After competing in the Monaco 70.3 many years ago I came to the conclusion that I would be better off not entering races requiring descending skills. This put Ironman France largely off my race radar; I liked the location, but the course didn’t suit my Kona ambitions. My knowledge of the race is second hand and focuses on the run – back and forth along the promenade without respite from the afternoon sun. The bike may involve some challenging climbs, but it’s melting during the marathon that athletes remember. These things tend to have an impact on race times.
The distributions of finisher splits from the last 8 years of racing shows a spread weighted towards those slower times. Not so much in the swim, but the bike peaks around 6:00 hours with the majority of athletes being slower. The run is a little more evenly spread around the 4:15 mark, still slow by European race standards. Naturally the overall distribution follows a similar trend – peaking between 11:30-12:00 with most of the weight to the right. So Ironman France is clearly one of the slower European races.

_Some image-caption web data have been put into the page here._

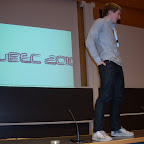 DSCN0709.JPG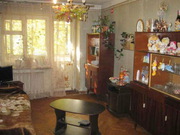 2 ком. кв-ра на ул. Филатова,  33 000 у.е.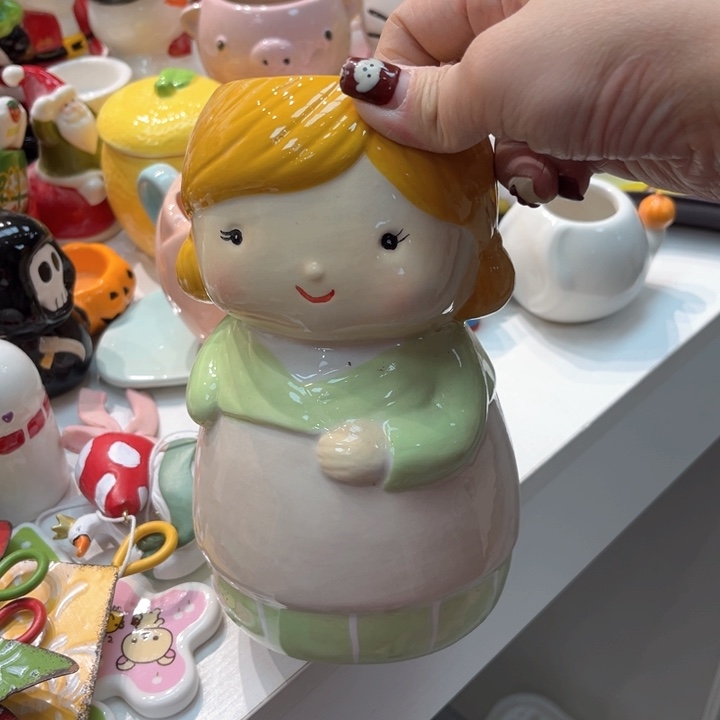 瓷片陶瓷陶瓷福利完美慎拍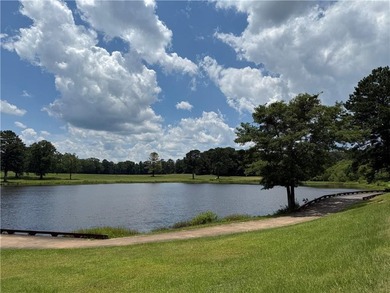 18-Hole Golf Course Opportunity - Point University Golf Club 221 - photo 9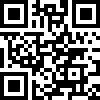 https://ettelaat.com/x3sSm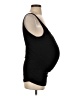 Old Navy - Maternity Black Tank Top Size S - photo 4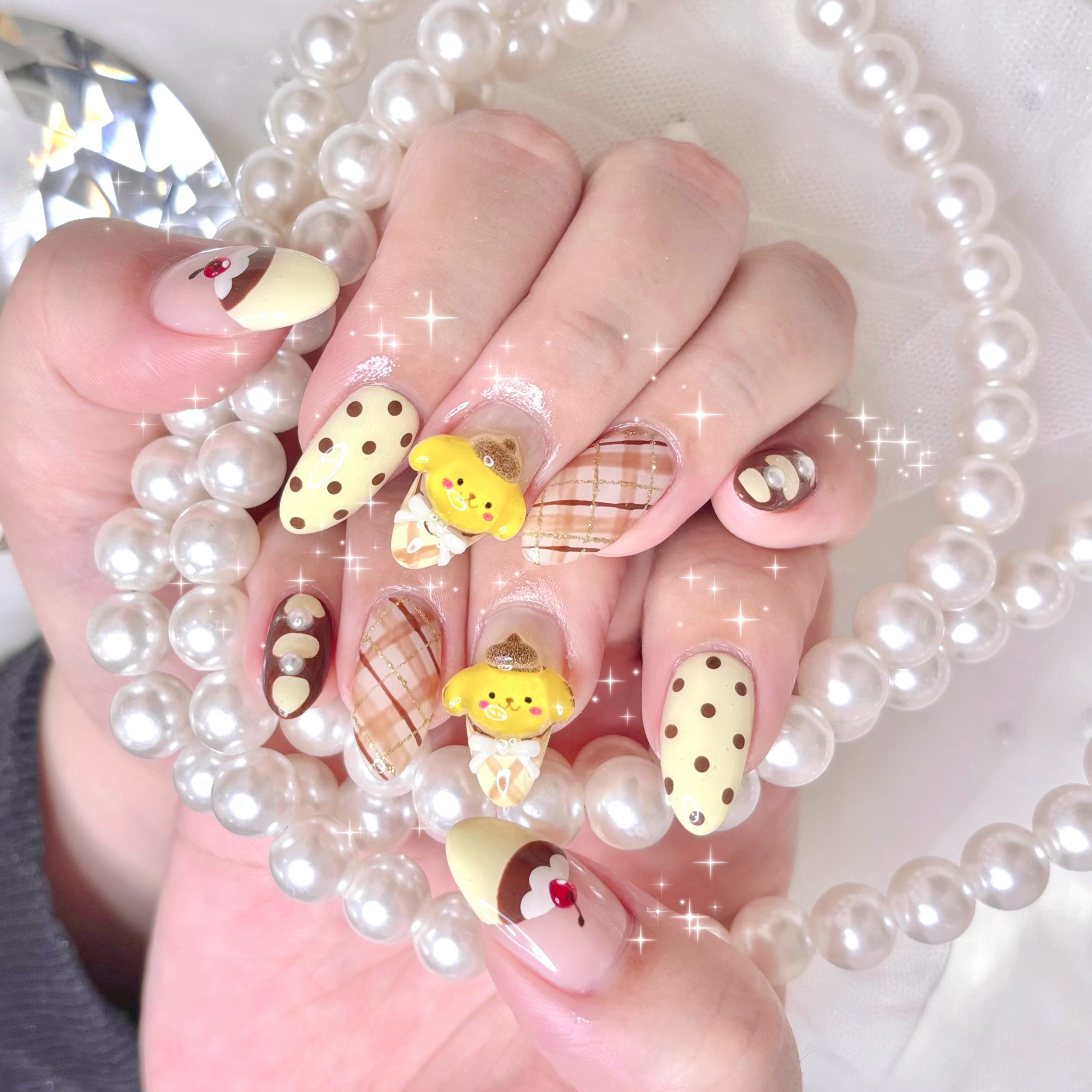 nail_yuzu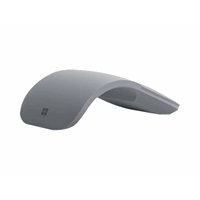 Srfc Arc MouseCmrSC Bluetooth GREY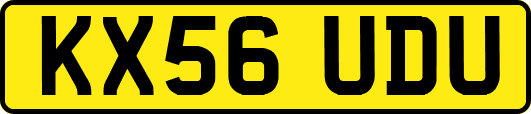 KX56UDU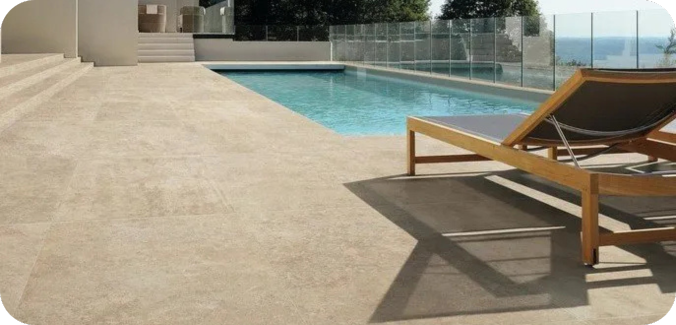 pisos_exterior_beige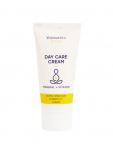 YOGA Дневной крем для лица DAY CARE CREAM, (YM) 50 мл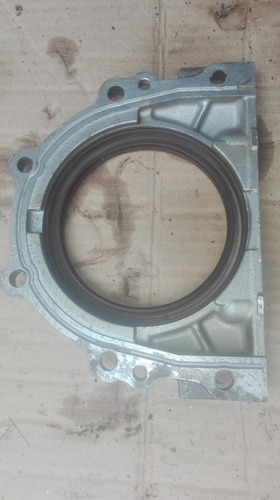Base Válvula Temperatura Agua Toyota Meru Hilux 2.7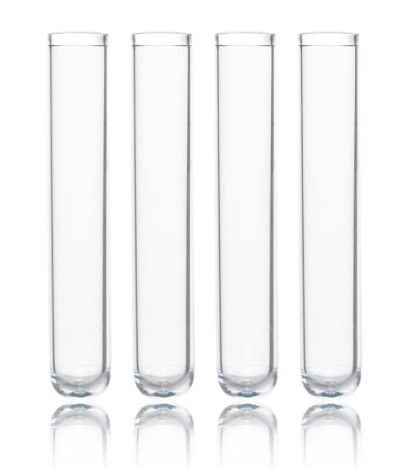 MTC Bio FlowTubes™ for Flow Cytometry Instruments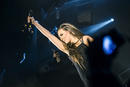 Amaranthe 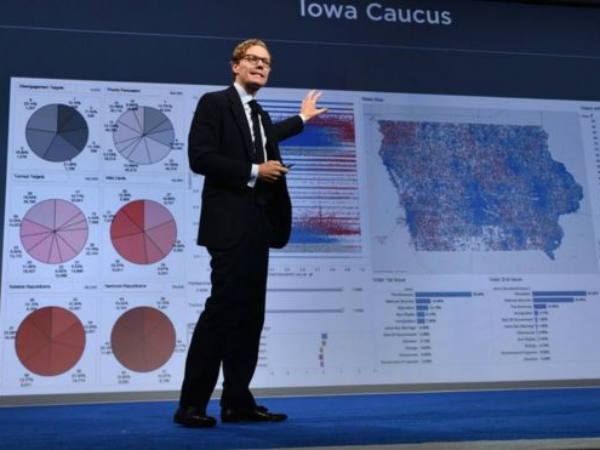 cambridge-analytica-ceo cambridge-analytica-ceo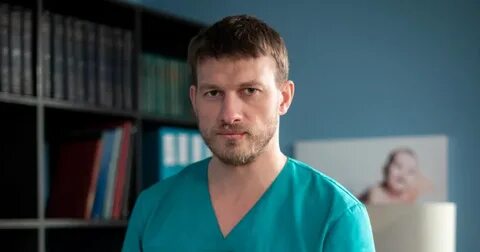 5 врачей отзывы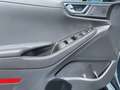 Hyundai IONIQ Prime Elektro Navi Soundsystem Klimasitze LED ACC Grau - thumbnail 13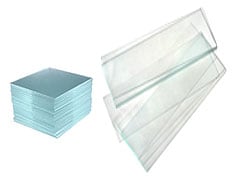 Coverslips and Slides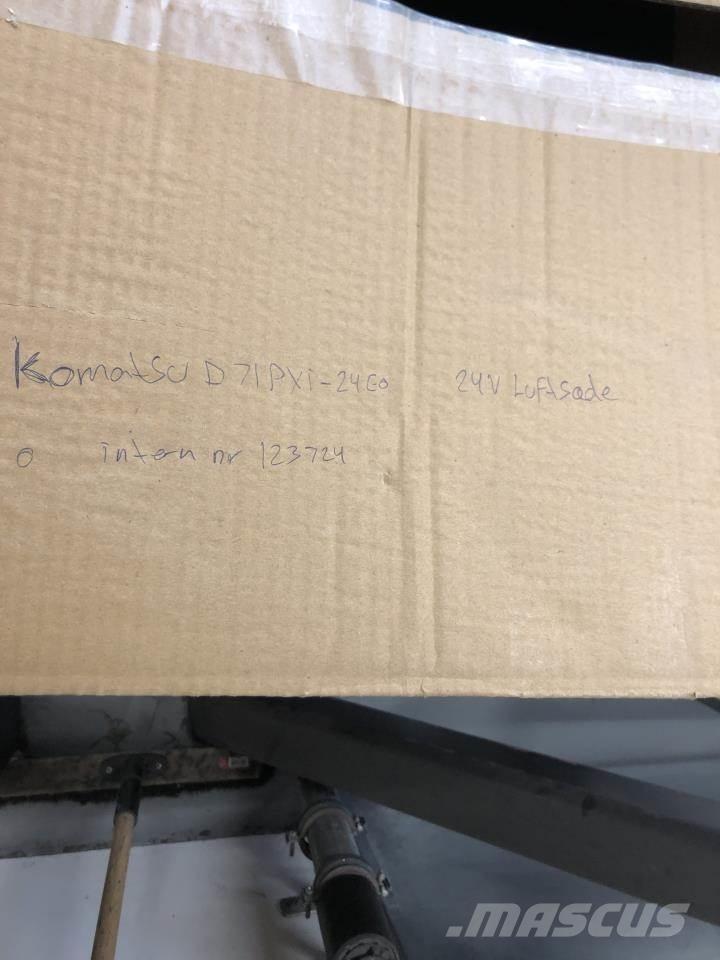  Øvrige Sæde 타이어, 휠 및 림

Age division medians support this. Median times are consistently at the slower end of the scale. Even in the professional ranks – it’s a slow course when the male bike average is over 5 hours for the pros. It’s worth noting that France has a large field and this does tend to result in slower averages, but the effect is less pronounced at other large European races. Much of this difference is the course – hills and heat.
|Number of Athletes||Number of Slots|
There are 2,753 age groupers registered for this weekend’s race. They’ll be competing for the 60 Kona slots on offer which should be allocated roughly inline with the table above. Actual numbers depend on how many start on race morning.
Despite the slower course and slower average times there are still fast front-of-pack athletes and competition for slots remains high. In the women’s field the drop off from first to 10th or 20th is quite steep and you need to be in a position to win your age group to be confident of qualifying. For the men there’s greater depth of field, competition is high so the drop off in times is generally smaller. It varies with age, but a 9:45 seems a safe target for someone in the hunt for a slot.
Ironman France is not a fast race in comparison with most other European events, but for the front-of-pack age grouper confident in the hills and comfortable in the heat it may represent a good qualification opportunity.